As Robert Spencer wrote in response, “How interesting that the same things that Western feminists have scoffed at for decades — ‘marriage, the bonds that sustain family life, and the attachment that secures a home’ — become warmly appealing when they see them in the Islamic world.”

And then there’s Lydia’s whole “Freedom from” riff.

“Freedom from Fear” was the Newspeak-style cornerstone of how FDR converted the negative rights of the laissez-faire Constitution (or as Lydia would say, those “days of anarchy”) into the big government Leviathan of the New Deal. Or as Orrin Judd of the conservative Brothers Judd Blog and book review site asked in 1999:

Is it possible that the History of the 20th Century can be explained by simple reference to a change in prepositions?  That is the gist of the epiphany that struck me while watching David M. Kennedy on Booknotes (C-SPAN).  He and Brian Lamb were discussing the fact that this book is part of the Oxford History of the United States joining James McPherson’s excellent one-volume history of the Civil War, Battle Cry of Freedom : The Civil War Era (1988).  Suddenly, the switch from “of Freedom” to “Freedom from”, in the respective titles, struck me as emblematic of the pivotal change of  emphases in the Modern world.  The history of America from Plymouth Rock until the Crash was essentially the story of Man’s struggle for Freedom, but Freedom in a positive sense, Freedom to do things–to worship, to speak, to gather, etc.  Thus, McPherson’s book details the great convulsion of the 19th Century, the Civil War and the struggle to free the slaves–a struggle to expand freedom.  But Kennedy, charting the great 20th Century convulsion,  has it exactly right, the importance of the responses to the Depression by both Hoover and Roosevelt lay in their decision to elevate a negative idea of Freedom, freedom from want, from hunger, from “the vicissitudes of life” above, and against, the traditional American ideal of republican Liberty.  This shift from a government aimed at protecting Freedom to one designed to provide Security is the single most important thing that happened in 20th Century America.

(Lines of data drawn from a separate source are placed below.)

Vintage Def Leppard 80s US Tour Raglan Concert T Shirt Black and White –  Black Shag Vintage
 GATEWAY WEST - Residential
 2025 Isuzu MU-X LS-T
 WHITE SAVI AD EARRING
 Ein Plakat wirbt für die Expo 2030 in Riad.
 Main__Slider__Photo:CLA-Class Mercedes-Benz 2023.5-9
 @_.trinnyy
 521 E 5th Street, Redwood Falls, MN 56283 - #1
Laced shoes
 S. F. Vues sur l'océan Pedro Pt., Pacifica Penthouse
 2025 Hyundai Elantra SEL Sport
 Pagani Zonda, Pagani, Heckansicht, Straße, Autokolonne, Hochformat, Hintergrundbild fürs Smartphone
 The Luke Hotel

Finally, in a contradiction so big even Newsweek could see it, “there’s something simply too intriguing not to address about Moss’s lifelong devotion to Scientology and her new role as a character who resists accepting a regime’s ideologies and strict governance as status quo:”

In Hulu’s The Handmaid’s Tale, Offred and other fertile women cannot walk alone in the United States; they must abide by the stringent ruling of a far-right regime that has taken over what’s left of the nation. She dreams of what her life could be like if she managed to successfully escape, leaving behind the followers of a religion that often resembles an oppressive and volatile cult. In actuality, she’s complicit in the organization’s control and terror over the country, following along with its rules, partaking in the indoctrination of its newest captured members and killing those deemed immoral.

Of course, Offred’s plight is only fictional: Elisabeth Moss, who plays the protagonist in Hulu’s adaption of the Margaret Atwood novel, doesn’t seem to have any of the same struggles as a Scientologist. A member of the controversial church her entire life, the 34-year-old maintains a quiet relationship with Scientology in the public eye and has avoided the topic entirely along her press tour promoting the new show, which released its fourth episode Wednesday night.

All of which is why, as Charlotte Allen recently noted in the L.A. Times, “We’re Living The Handmaid’s Tale Now, But Not The Way Feminists Think.”